Would you set down all of the entries below exactly as they stand?

____ Listed records

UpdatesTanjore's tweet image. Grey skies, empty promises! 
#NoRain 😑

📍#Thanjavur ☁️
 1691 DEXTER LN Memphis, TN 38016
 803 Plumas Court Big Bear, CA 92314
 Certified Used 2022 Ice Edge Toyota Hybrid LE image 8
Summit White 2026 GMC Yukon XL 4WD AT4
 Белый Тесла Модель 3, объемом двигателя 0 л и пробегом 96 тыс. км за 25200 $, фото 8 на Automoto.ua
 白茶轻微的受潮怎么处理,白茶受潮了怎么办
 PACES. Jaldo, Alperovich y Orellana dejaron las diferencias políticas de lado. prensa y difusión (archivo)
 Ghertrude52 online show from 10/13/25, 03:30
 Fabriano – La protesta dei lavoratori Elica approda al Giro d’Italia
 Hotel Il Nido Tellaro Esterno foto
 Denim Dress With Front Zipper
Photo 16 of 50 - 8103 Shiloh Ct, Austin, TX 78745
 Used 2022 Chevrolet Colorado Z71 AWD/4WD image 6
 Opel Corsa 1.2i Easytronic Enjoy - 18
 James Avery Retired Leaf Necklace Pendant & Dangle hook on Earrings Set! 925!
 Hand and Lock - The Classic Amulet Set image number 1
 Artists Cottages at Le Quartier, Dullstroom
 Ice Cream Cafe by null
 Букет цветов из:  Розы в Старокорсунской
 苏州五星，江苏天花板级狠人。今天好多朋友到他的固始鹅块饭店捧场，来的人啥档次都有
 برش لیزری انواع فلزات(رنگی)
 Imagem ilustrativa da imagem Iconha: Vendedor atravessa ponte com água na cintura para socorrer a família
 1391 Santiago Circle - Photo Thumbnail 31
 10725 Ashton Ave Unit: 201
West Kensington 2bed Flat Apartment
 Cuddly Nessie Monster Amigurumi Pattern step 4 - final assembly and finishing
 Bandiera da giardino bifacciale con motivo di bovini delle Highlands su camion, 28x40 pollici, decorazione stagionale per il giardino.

________

» **Reply**:
UpdatesTanjore's tweet image. Grey skies, empty promises! 
#NoRain 😑

📍#Thanjavur ☁️
 1691 DEXTER LN Memphis, TN 38016
 803 Plumas Court Big Bear, CA 92314
 Certified Used 2022 Ice Edge Toyota Hybrid LE image 8
Summit White 2026 GMC Yukon XL 4WD AT4
 Белый Тесла Модель 3, объемом двигателя 0 л и пробегом 96 тыс. км за 25200 $, фото 8 на Automoto.ua
 白茶轻微的受潮怎么处理,白茶受潮了怎么办
 PACES. Jaldo, Alperovich y Orellana dejaron las diferencias políticas de lado. prensa y difusión (archivo)
 Ghertrude52 online show from 10/13/25, 03:30
 Fabriano – La protesta dei lavoratori Elica approda al Giro d’Italia
 Hotel Il Nido Tellaro Esterno foto
 Denim Dress With Front Zipper
Photo 16 of 50 - 8103 Shiloh Ct, Austin, TX 78745
 Used 2022 Chevrolet Colorado Z71 AWD/4WD image 6
 Opel Corsa 1.2i Easytronic Enjoy - 18
 James Avery Retired Leaf Necklace Pendant & Dangle hook on Earrings Set! 925!
 Hand and Lock - The Classic Amulet Set image number 1
 Artists Cottages at Le Quartier, Dullstroom
 Ice Cream Cafe by null
 Букет цветов из:  Розы в Старокорсунской
 苏州五星，江苏天花板级狠人。今天好多朋友到他的固始鹅块饭店捧场，来的人啥档次都有
 برش لیزری انواع فلزات(رنگی)
 Imagem ilustrativa da imagem Iconha: Vendedor atravessa ponte com água na cintura para socorrer a família
 1391 Santiago Circle - Photo Thumbnail 31
 10725 Ashton Ave Unit: 201
West Kensington 2bed Flat Apartment
 Cuddly Nessie Monster Amigurumi Pattern step 4 - final assembly and finishing
 Bandiera da giardino bifacciale con motivo di bovini delle Highlands su camion, 28x40 pollici, decorazione stagionale per il giardino.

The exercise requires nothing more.